** Information follows **
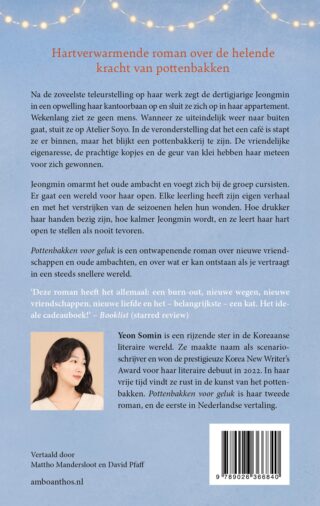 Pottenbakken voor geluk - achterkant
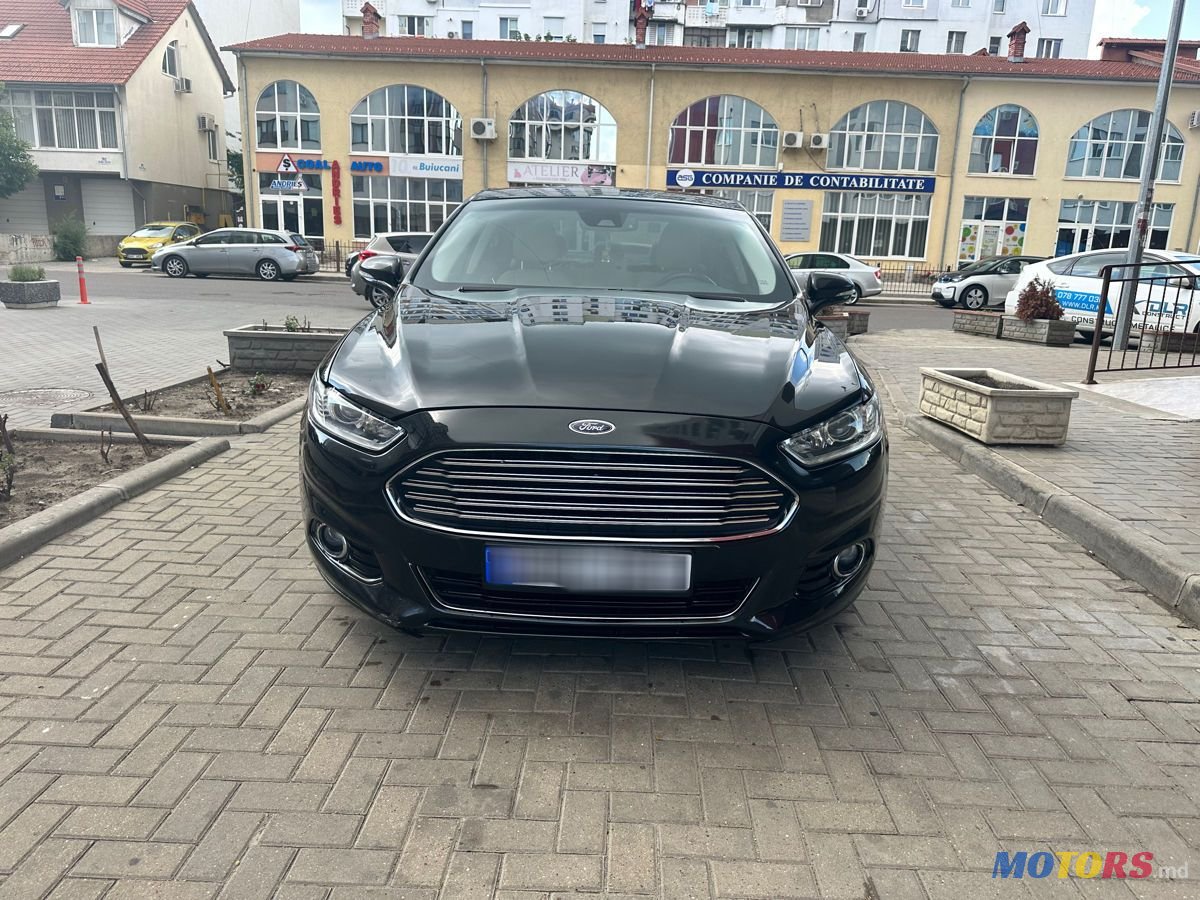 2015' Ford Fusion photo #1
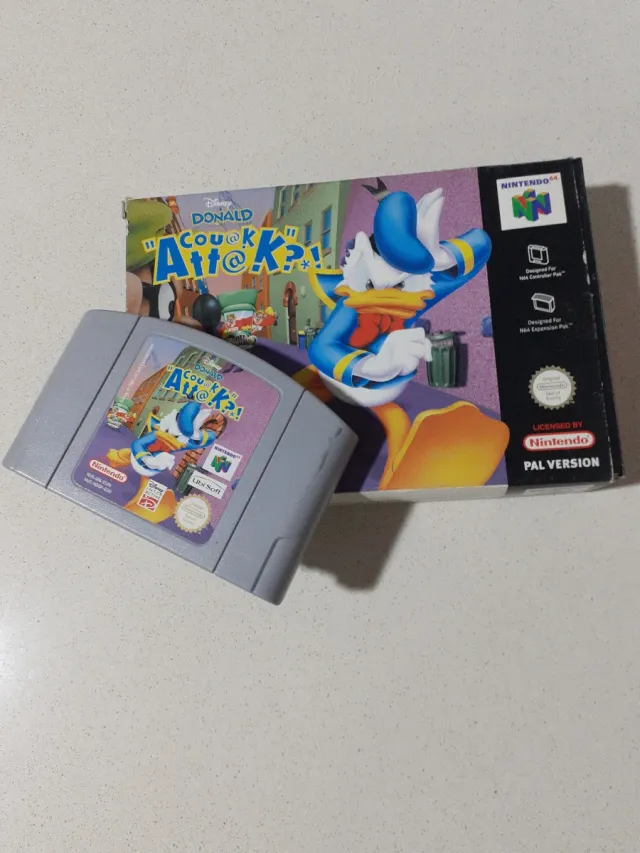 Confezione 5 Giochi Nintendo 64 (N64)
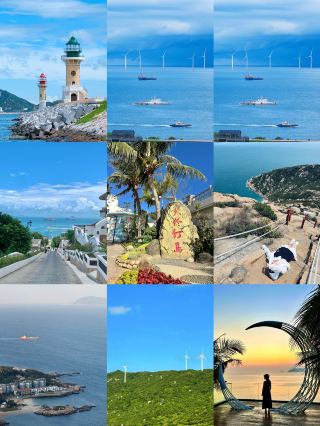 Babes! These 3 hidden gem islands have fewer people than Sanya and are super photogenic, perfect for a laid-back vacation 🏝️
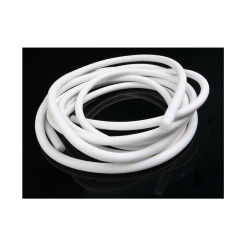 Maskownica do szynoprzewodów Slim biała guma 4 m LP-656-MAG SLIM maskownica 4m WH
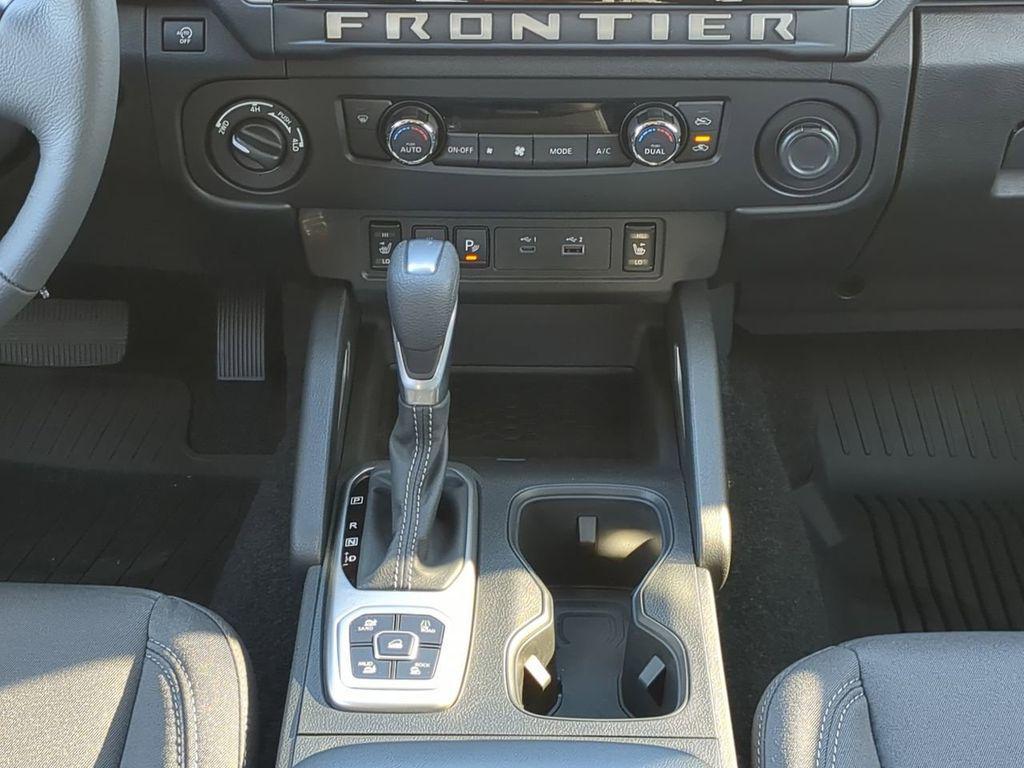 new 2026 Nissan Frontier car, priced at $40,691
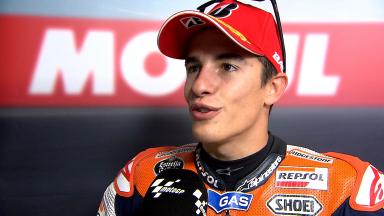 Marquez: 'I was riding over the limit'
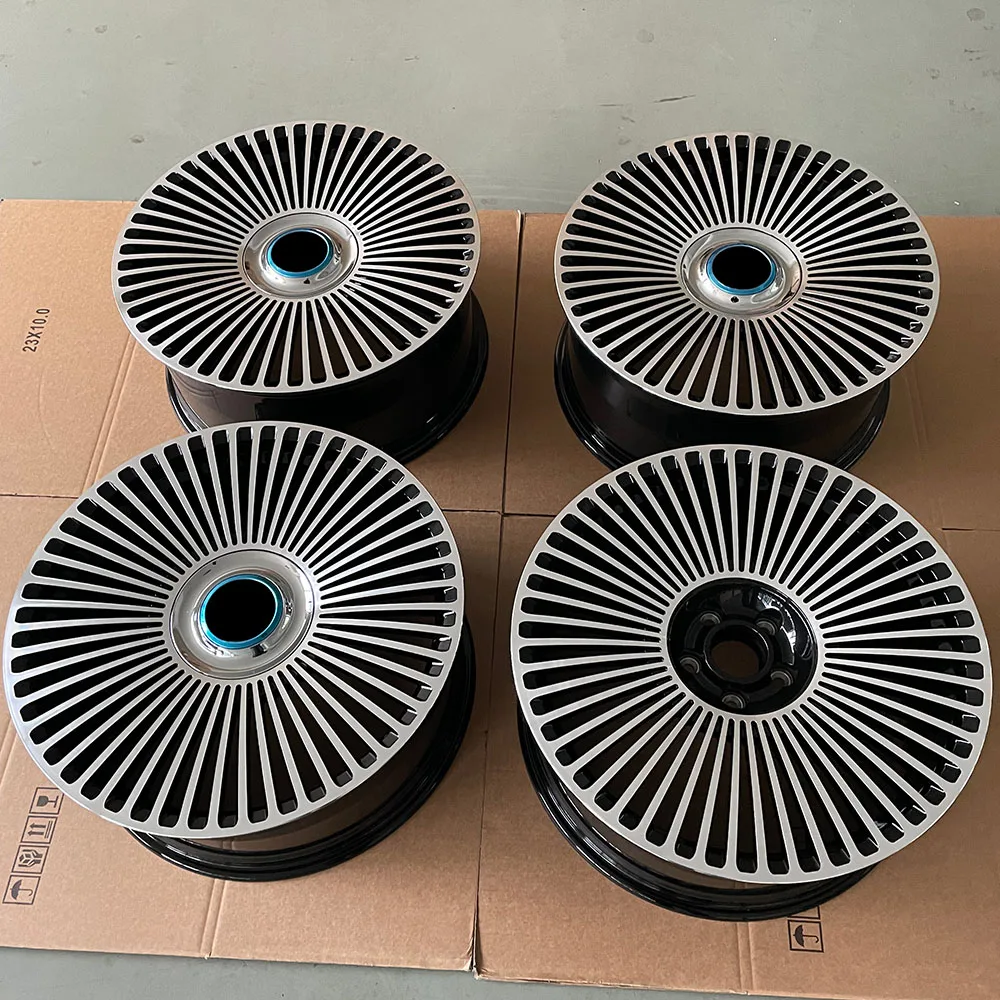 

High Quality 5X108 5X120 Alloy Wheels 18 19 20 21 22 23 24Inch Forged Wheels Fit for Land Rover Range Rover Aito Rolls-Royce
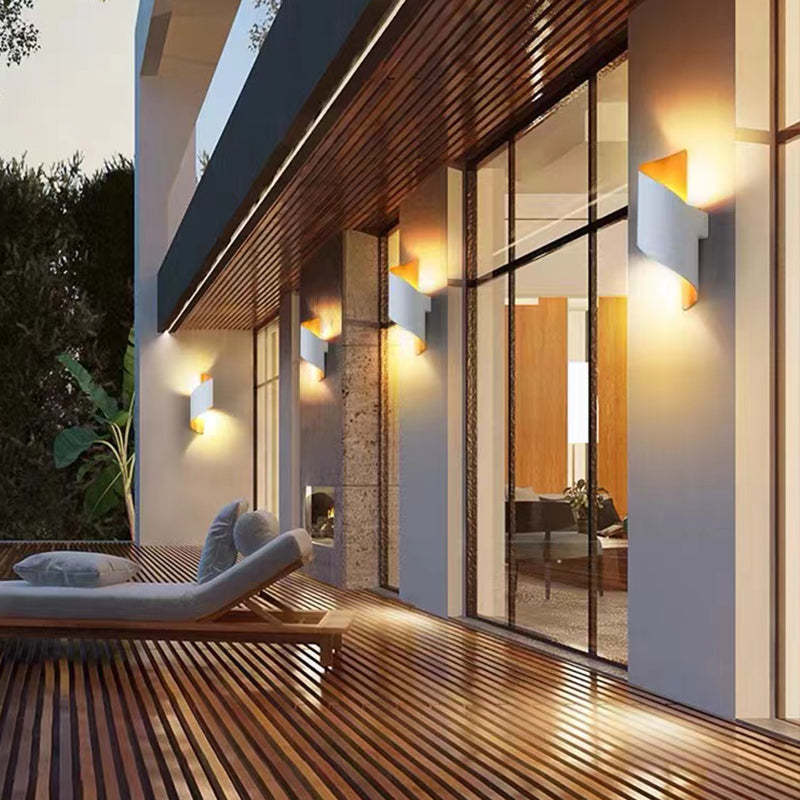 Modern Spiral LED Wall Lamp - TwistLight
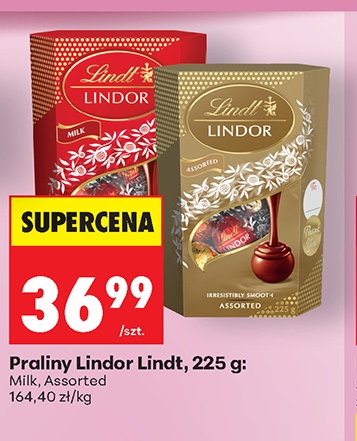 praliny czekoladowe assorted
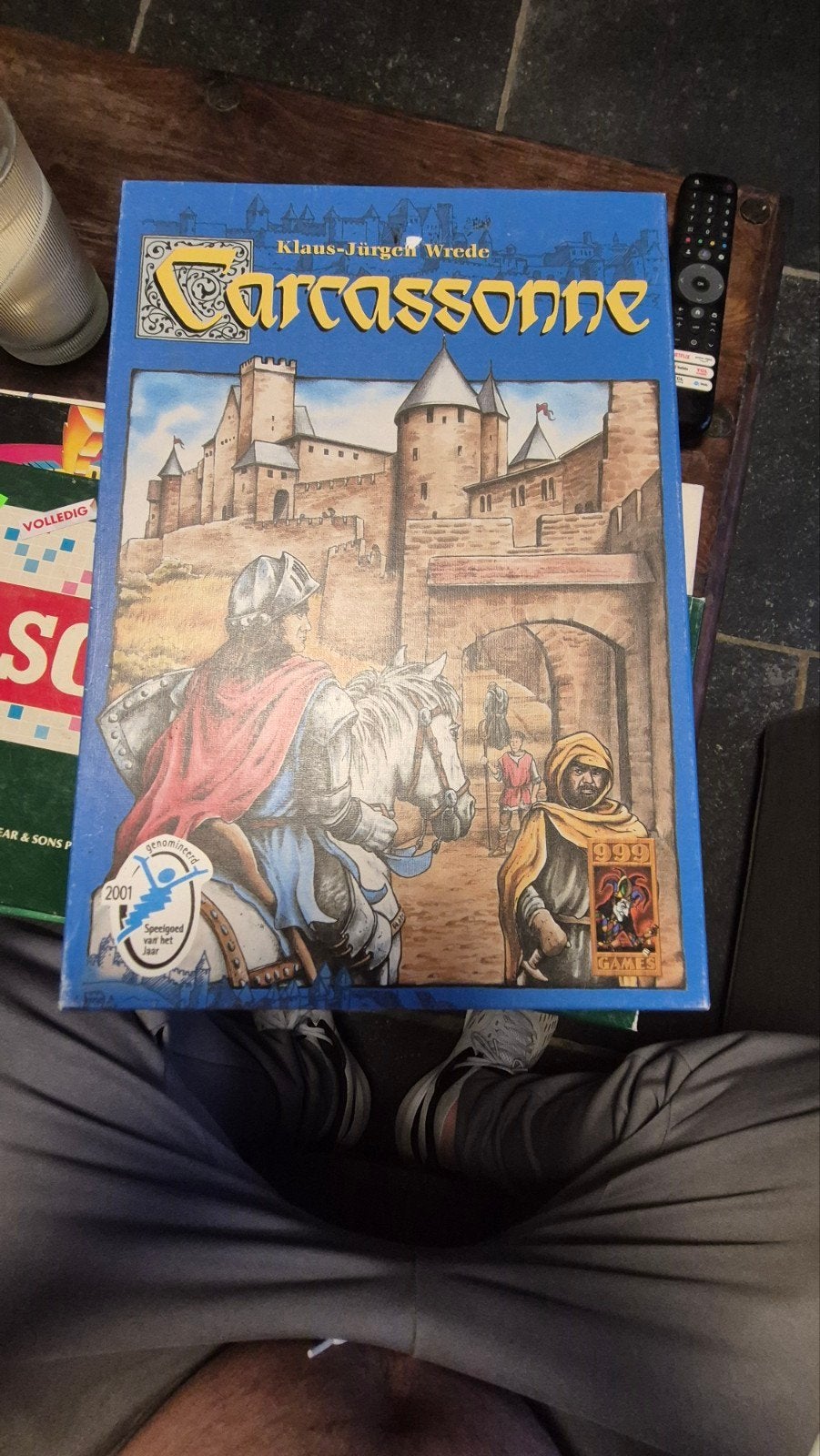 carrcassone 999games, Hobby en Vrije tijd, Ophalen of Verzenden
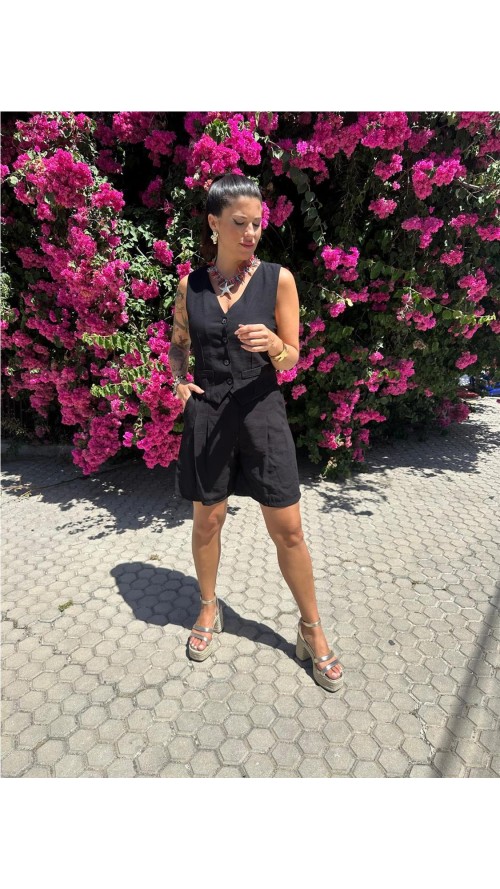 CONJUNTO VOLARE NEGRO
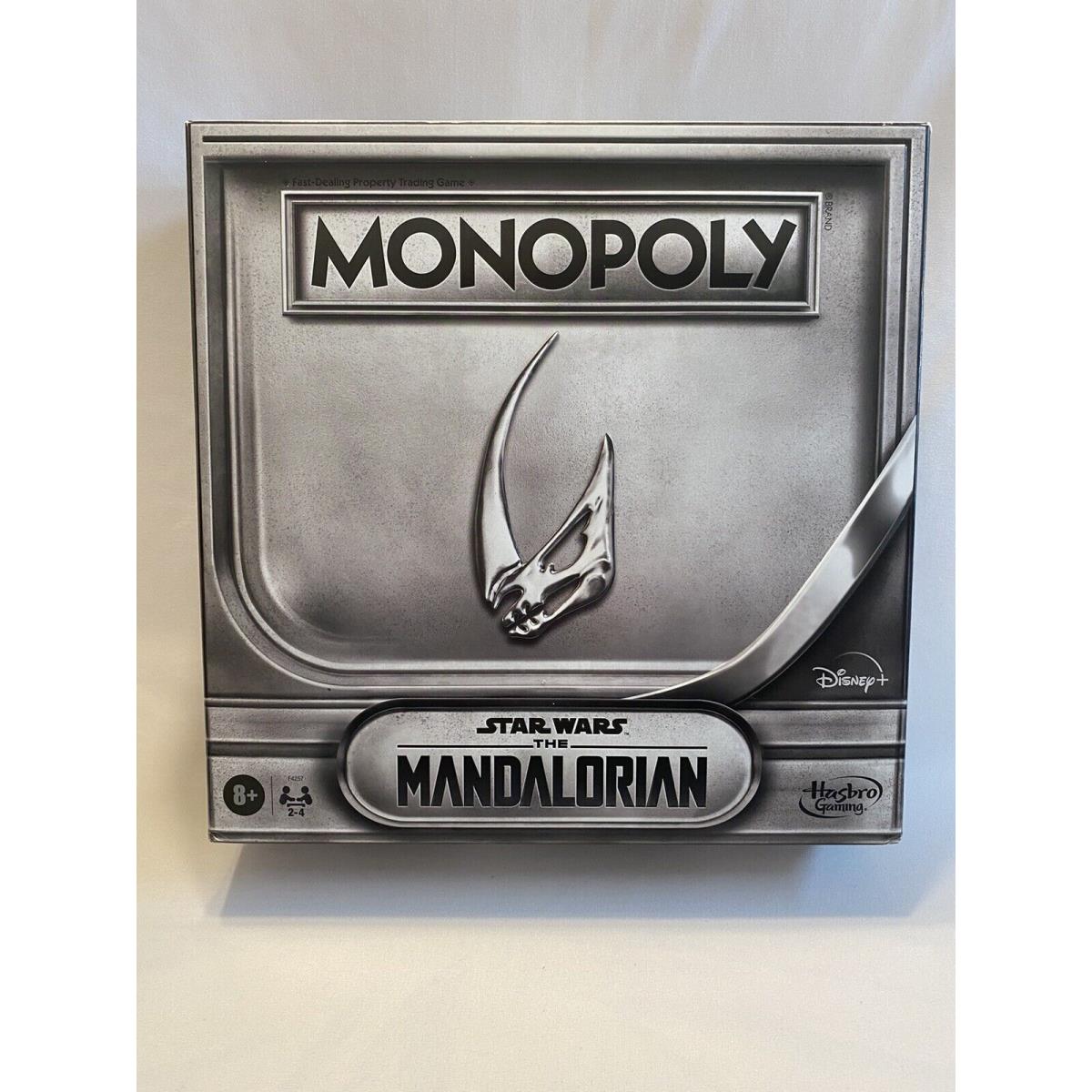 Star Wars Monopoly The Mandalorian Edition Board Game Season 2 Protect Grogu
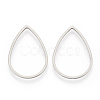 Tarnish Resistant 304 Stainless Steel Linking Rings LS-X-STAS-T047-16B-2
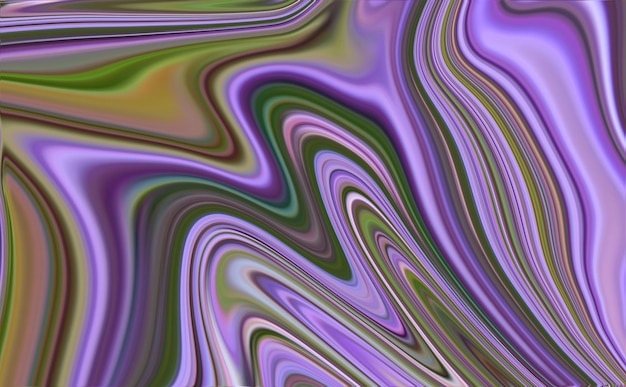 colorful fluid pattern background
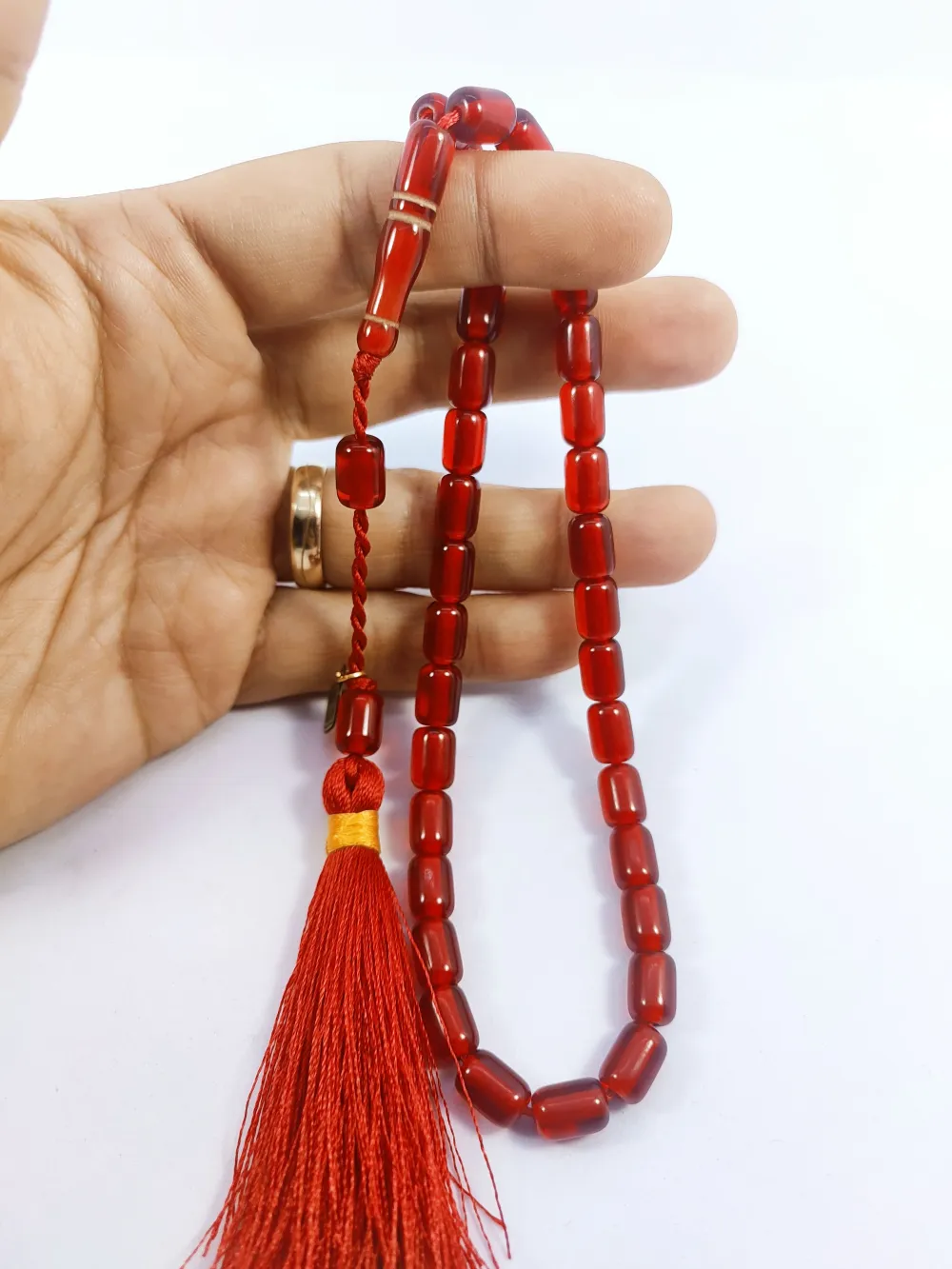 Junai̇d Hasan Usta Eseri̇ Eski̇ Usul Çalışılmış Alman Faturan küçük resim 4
** End of Information **
◆ Problem details:
I would like you to set down the lines above, from the one containing "praliny czekoladowe assorted" to the final line, exactly as written and without pictures.

◆ Exercise answer:
 praliny czekoladowe assorted
 carrcassone 999games, Hobby en Vrije tijd, Ophalen of Verzenden
 CONJUNTO VOLARE NEGRO
 Star Wars Monopoly The Mandalorian Edition Board Game Season 2 Protect Grogu
 Tarnish Resistant 304 Stainless Steel Linking Rings LS-X-STAS-T047-16B-2
 colorful fluid pattern background
 Junai̇d Hasan Usta Eseri̇ Eski̇ Usul Çalışılmış Alman Faturan küçük resim 4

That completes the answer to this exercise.